## Your assignment
Look for the line with "Natural Carrara Marble"; please transcribe it and every later line in the entries exactly, up to the end, leaving pictures out.

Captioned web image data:

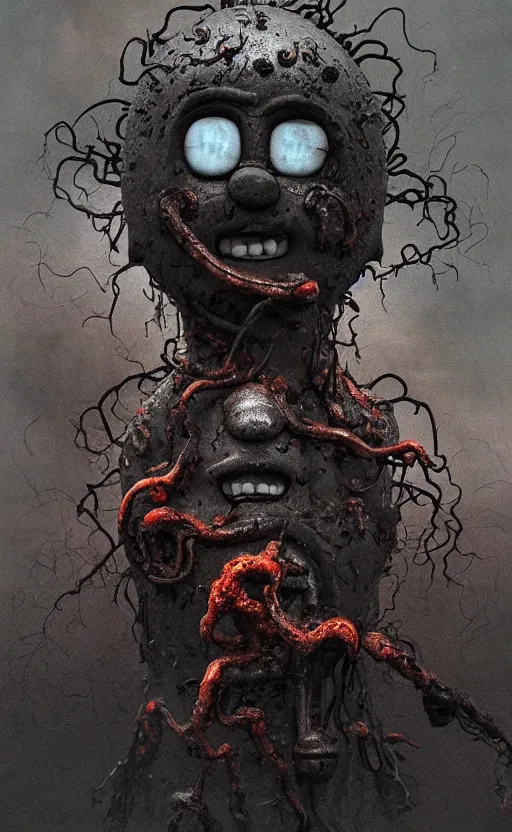 Image similar to thomas the tank engine in style of zdzisław beksinski, extremely dramatic lighting, 8 k, tendrils, black, darkness, black slime tendrils, infected, rust, body horror, thomas the train, thomas the tank engine face, horror,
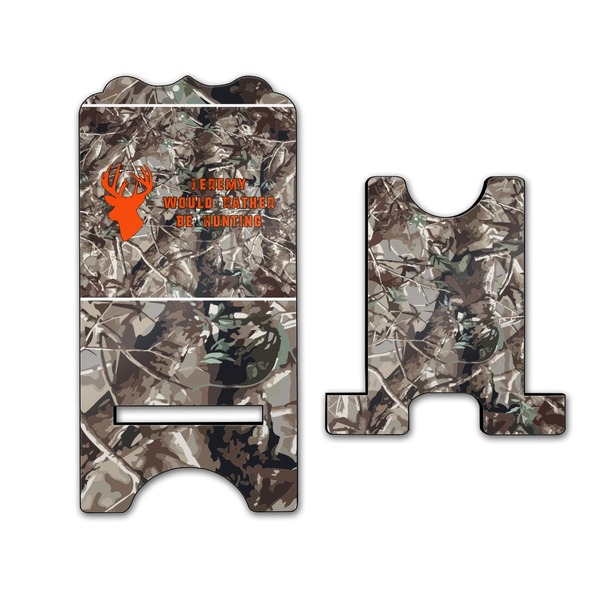 Hunting Camo Stylized Phone Stand - Front & Back - Large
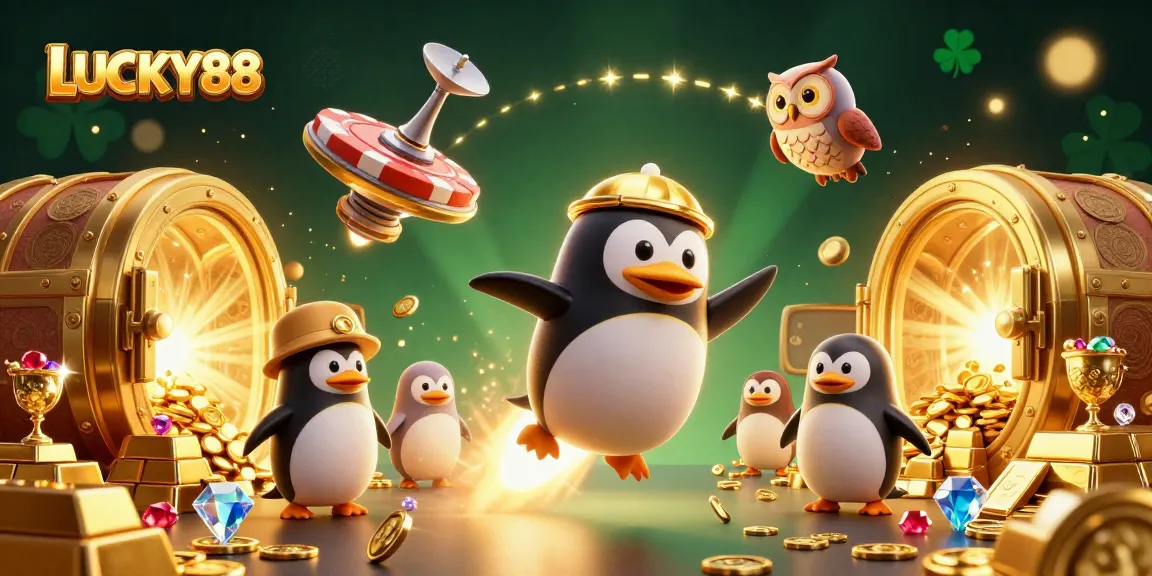 Experience excitement with LUCKY88, featuring a golden penguin racing through a dazzling space casino.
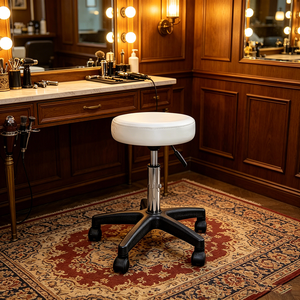 Chaise de barbier réglable en métal avec revêtement en cuir synthétique et système hydraulique pour salon commercial et barbier - Product Image 2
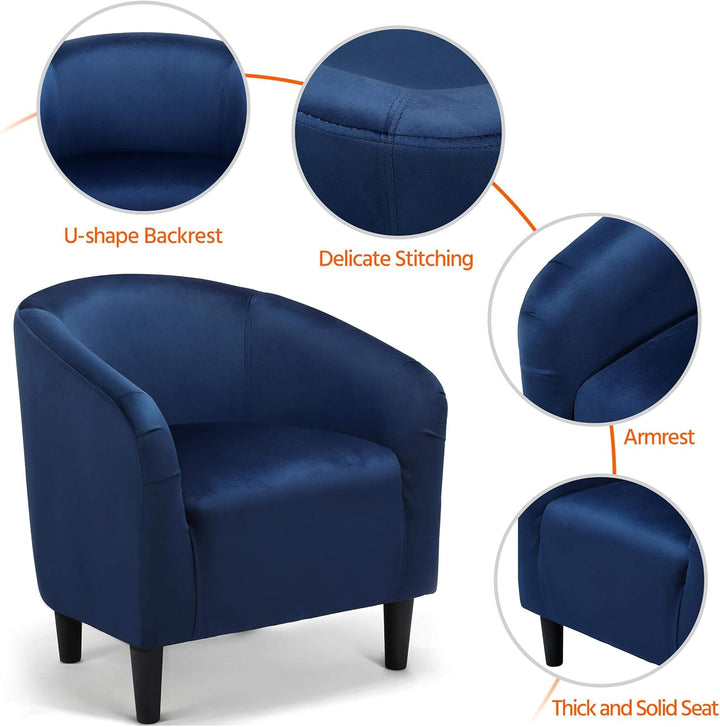 Velvet Accent Chair Set of 2, Navy Blue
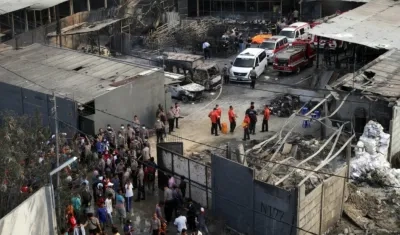 Lugar donde se produjo el incendio en Indonesia en una fábrica de fuegos artificiales.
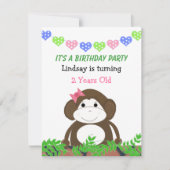 Little Monkey Birthday Invitation Kaart (Voorkant)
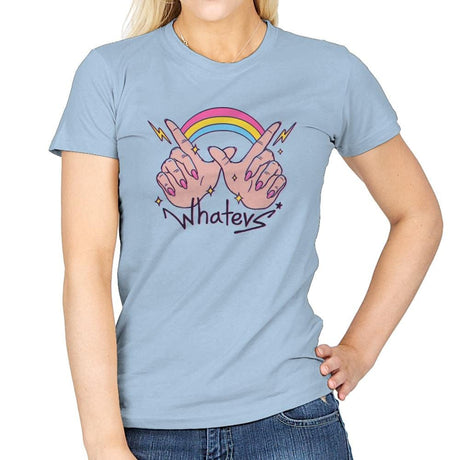 Whatevs! - Womens T-Shirts RIPT Apparel Small / Light Blue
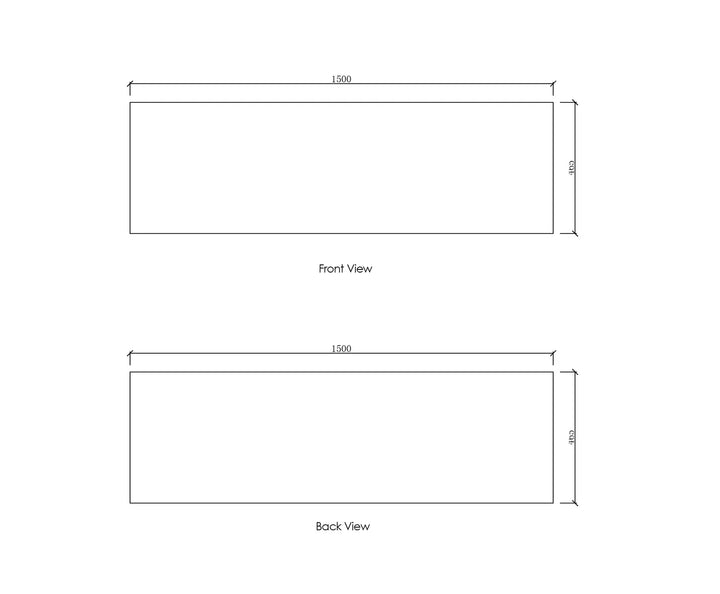 Natural Carrara Marble 1500x465x18 Top No Hole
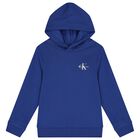 Boys Blue Logo Hooded Top, 3, hi-res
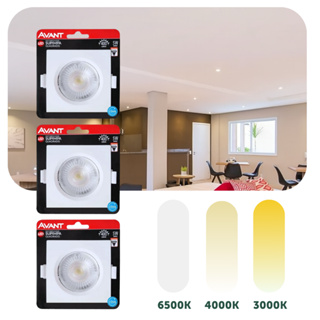Kit 3 Spot Led Embutir 5w Quadrado/Redondo 9cm Luminária Teto Gesso Sanca Forro Dicroica MR16 Avant em Oferta na Shopee
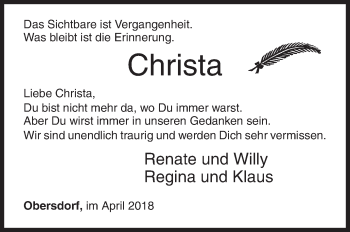 Traueranzeige von Christa  von Siegener Zeitung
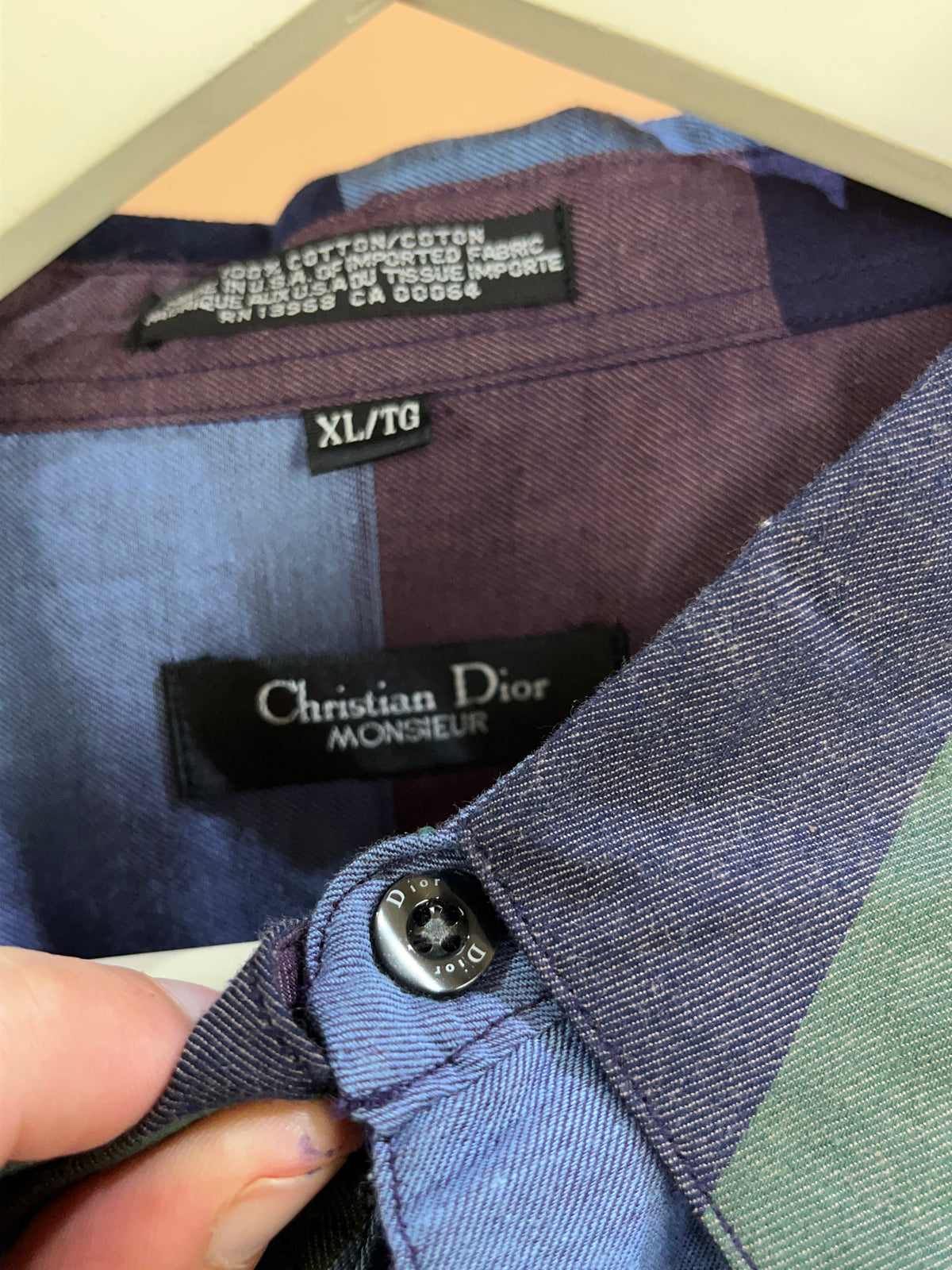 1980's Christian Dior Monsieur Multi Block Colour Shirt - XL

## Exercise solution
 Natural Carrara Marble 1500x465x18 Top No Hole
 Boys Blue Logo Hooded Top, 3, hi-res
Kit 3 Spot Led Embutir 5w Quadrado/Redondo 9cm Luminária Teto Gesso Sanca Forro Dicroica MR16 Avant em Oferta na Shopee
 Traueranzeige von Christa  von Siegener Zeitung
 1980's Christian Dior Monsieur Multi Block Colour Shirt - XL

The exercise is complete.